*** Begin section ***
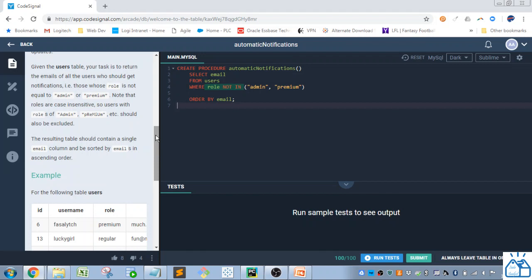Note that the roles are case insensitive, so users with roles of admin, premium, etc. should be excluded. The resulting table should contain a single email column and be sorted by emails in ascending order.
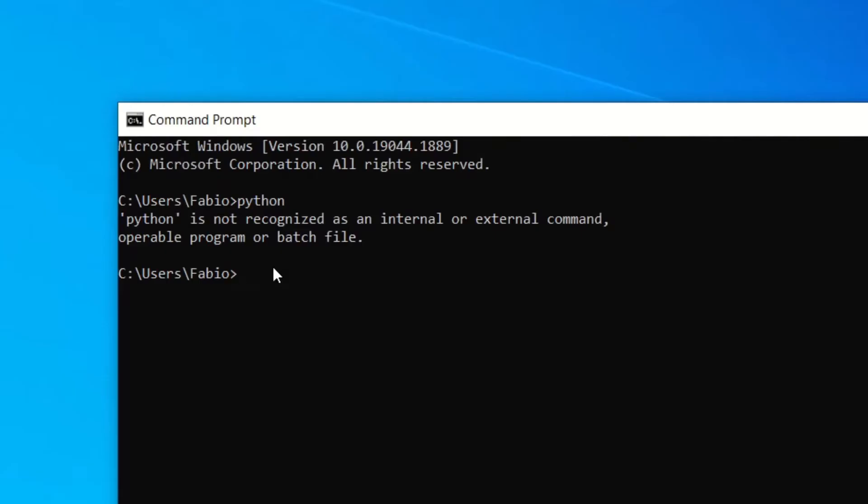We just need to add the path to the folder containing the Python executable to the PATH environment variable. So basically, this is the folder.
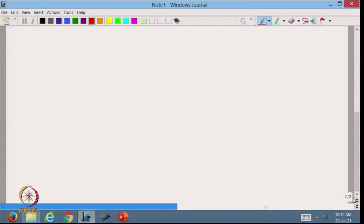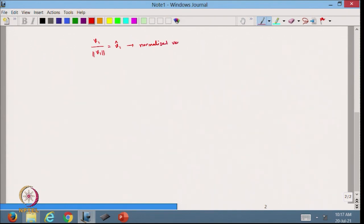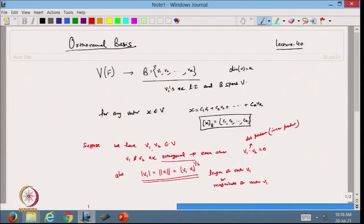We can find the magnitude of a vector, written as ||V1||, which equals the square root of V1·V1. This is also called the length or magnitude of vector V1. If we take any vector V1 and divide by its magnitude, we get V̂1, called the normalized vector. Its length is 1. The process is called normalization — we have normalized the vector so its magnitude becomes 1.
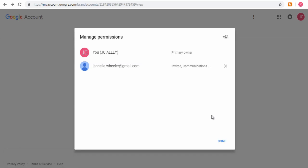Once the user accepts the invite through their email, they can log in with their Google account and manage your YouTube channel.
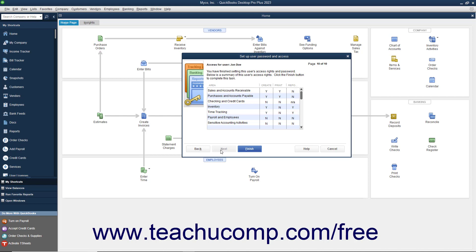You can then review the permissions you set for the user in the final screen and click the Finish button to add the user to the user list.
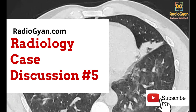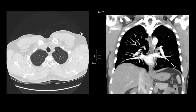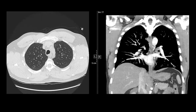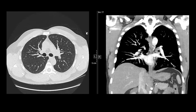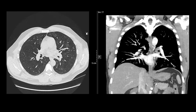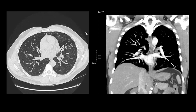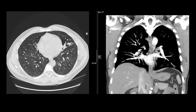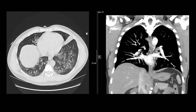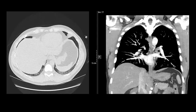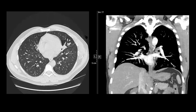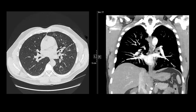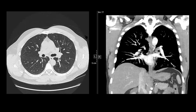We have a patient who presented with massive hemoptysis and we did a chest CT with contrast for him. I'll go through the images and then you can chat in your answers or I will talk about them. We'll give some time for everyone to have a look at the images. As I scroll through the images, you guys can type in your answers in the YouTube comments section and then later check whether you are right or wrong.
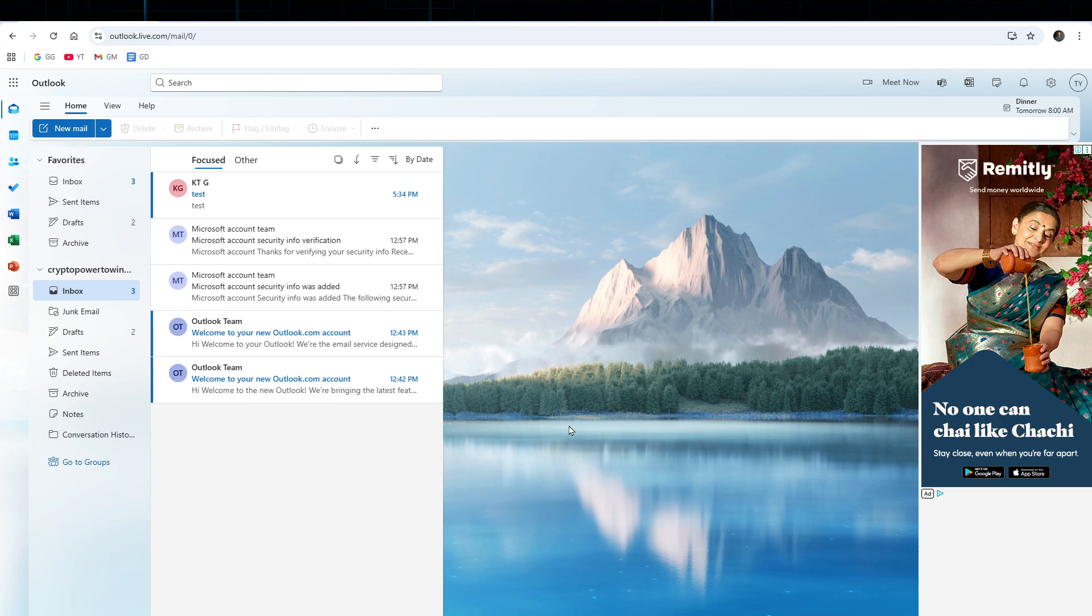For this demonstration I'm using the web version of Outlook, so this is outlook.live.com. The first step is to go to outlook.live.com and sign in to your account.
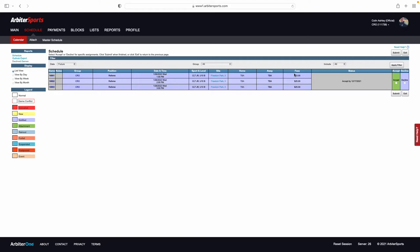Here you can see the match fees for all of those games assigned as well. This date here is the date that you must accept these games by, or they will disappear from your Arbiter and automatically decline.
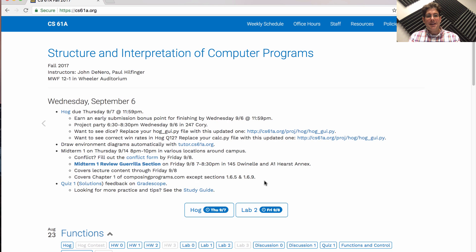Quiz 1, which you took in discussion section and solutions, have been posted. There's also feedback on Gradescope as well as more practice problems and study tips in the study guide related to Quiz 1 content.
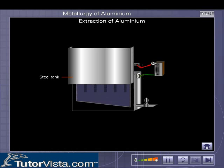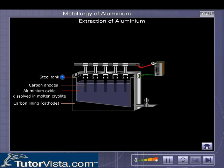The Hall cell is a steel tank lined with graphite that serves as a cathode. The anode is a series of graphite rods suspended in the molten electrolyte. Aluminium oxide dissolved in molten cryolite is the electrolyte.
*** End section ***
TRY IT: The answer must be the part of the records that opens with the line containing "You can then" and closes with the line containing "Here you can", reproduced exactly, with no pictures.

WRITTEN RESPONSE:
You can then review the permissions you set for the user in the final screen and click the Finish button to add the user to the user list.
We have a patient who presented with massive hemoptysis and we did a chest CT with contrast for him. I'll go through the images and then you can chat in your answers or I will talk about them. We'll give some time for everyone to have a look at the images. As I scroll through the images, you guys can type in your answers in the YouTube comments section and then later check whether you are right or wrong.
For this demonstration I'm using the web version of Outlook, so this is outlook.live.com. The first step is to go to outlook.live.com and sign in to your account.
Here you can see the match fees for all of those games assigned as well. This date here is the date that you must accept these games by, or they will disappear from your Arbiter and automatically decline.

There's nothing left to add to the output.